Karl Waclawek karl@waclawek.net
Sun Jun 16 11:50:02 2002


In the meantime I had a private discussion with Rolf Ade,
and he helped me clarify (and also correct) my position.

Here is what I believe the proposed InternalEntityRefhandler
should do (I leave Rolf's objections for him to explain):

- For SAX compliance I need a StartInternalEntityHandler
  and an EndInternalEntityHandler instead of just an
  InternalEntityRefhandler.

- The StartInternalEntityHandler returns a boolean-type
  value that determines if the entity will be expanded or not;
  if there is no expansion, then the EndInternalEntityHandler
  will not be called.

- It may not make much sense to have this "optional expansion"
  available for parameter entity references too, but I would
  leave it in for the following reasons:
  a) I haven't seen a good argument why it will never make sense
     (anyone please feel free to come up with one)
  b) It is extra work to disable it, and because of b)
     I see no reason to invest more effort to not have  it
  c) This capability is analog to an existing one for the
     ExternalEntityRefhandler, since there, expansion
     can be suppressed within the handler - and I like symmetry <g>
  d) I don't like function arguments that depend on other
     function arguments - i.e. "ignore return value if PE".
     However, I recognize that this can often not be avoided 
     in realistic implementations.

- An entity reference whose expansion is suppressed will
  not be reported through another handler - since that
  is essentially double reporting.
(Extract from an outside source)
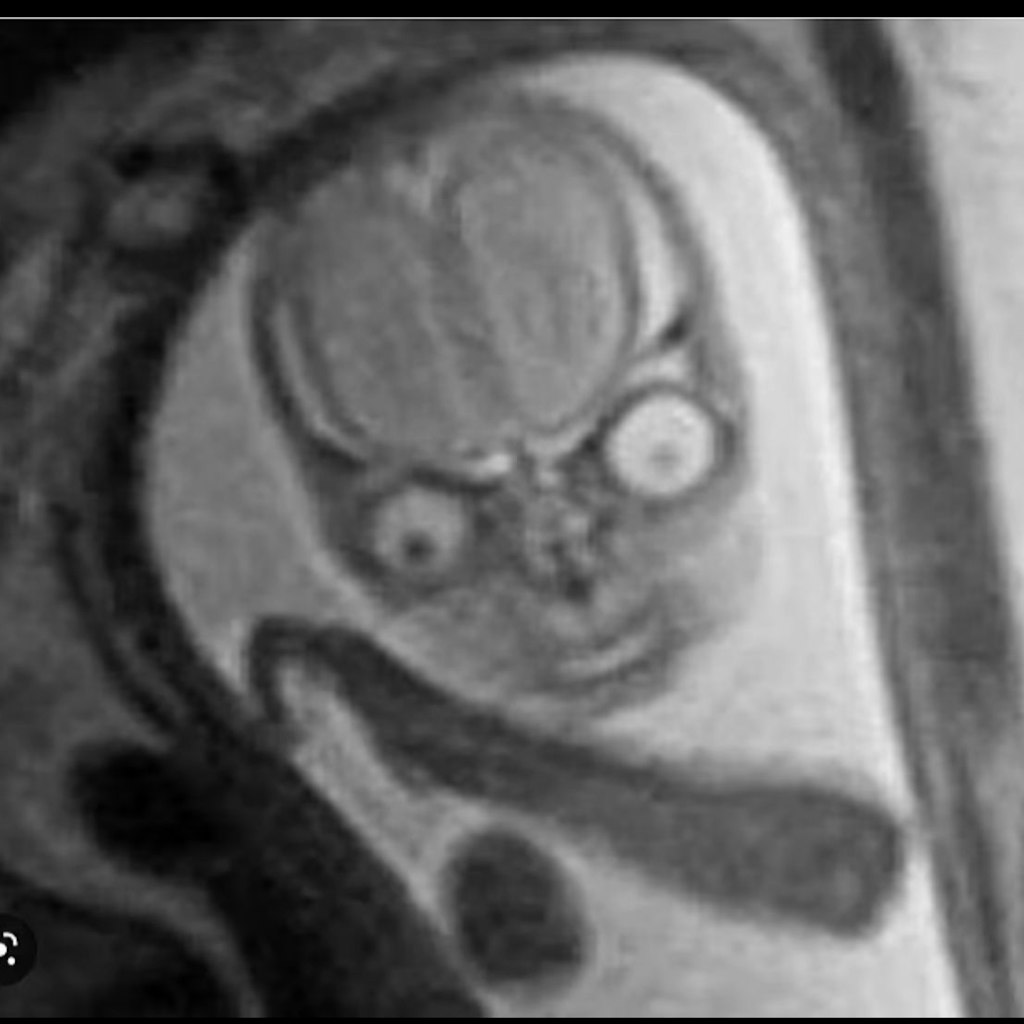 Ein weiteres Ultraschallbild des Grauens.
This applies mostly to
  reporting an internal GE "literally" through the character handler,
  if expansion was suppressed. For PEs there would not be a "character
  handler" anyway, and for external GEs there is no way to tell
  the parser to report it again, so we would have an inconsistency too.

- The literal entity value (with character references expanded)
  will be passed to the StartInternalEntityHandler.
  Main reason: the information is available, and is easy to pass.
  However, I do not know of a really good use case for it,
  but left it in, just in case there is one. Again, feel free
  anyone to come up with pros and cons.

- The ability to modify this entity value was discussed, because
  suppression of PE references leads to WF errors in many cases,
  so it would make sense to add a "replace entity value" capability.
  But at this moment I don't think it would be worth the effort.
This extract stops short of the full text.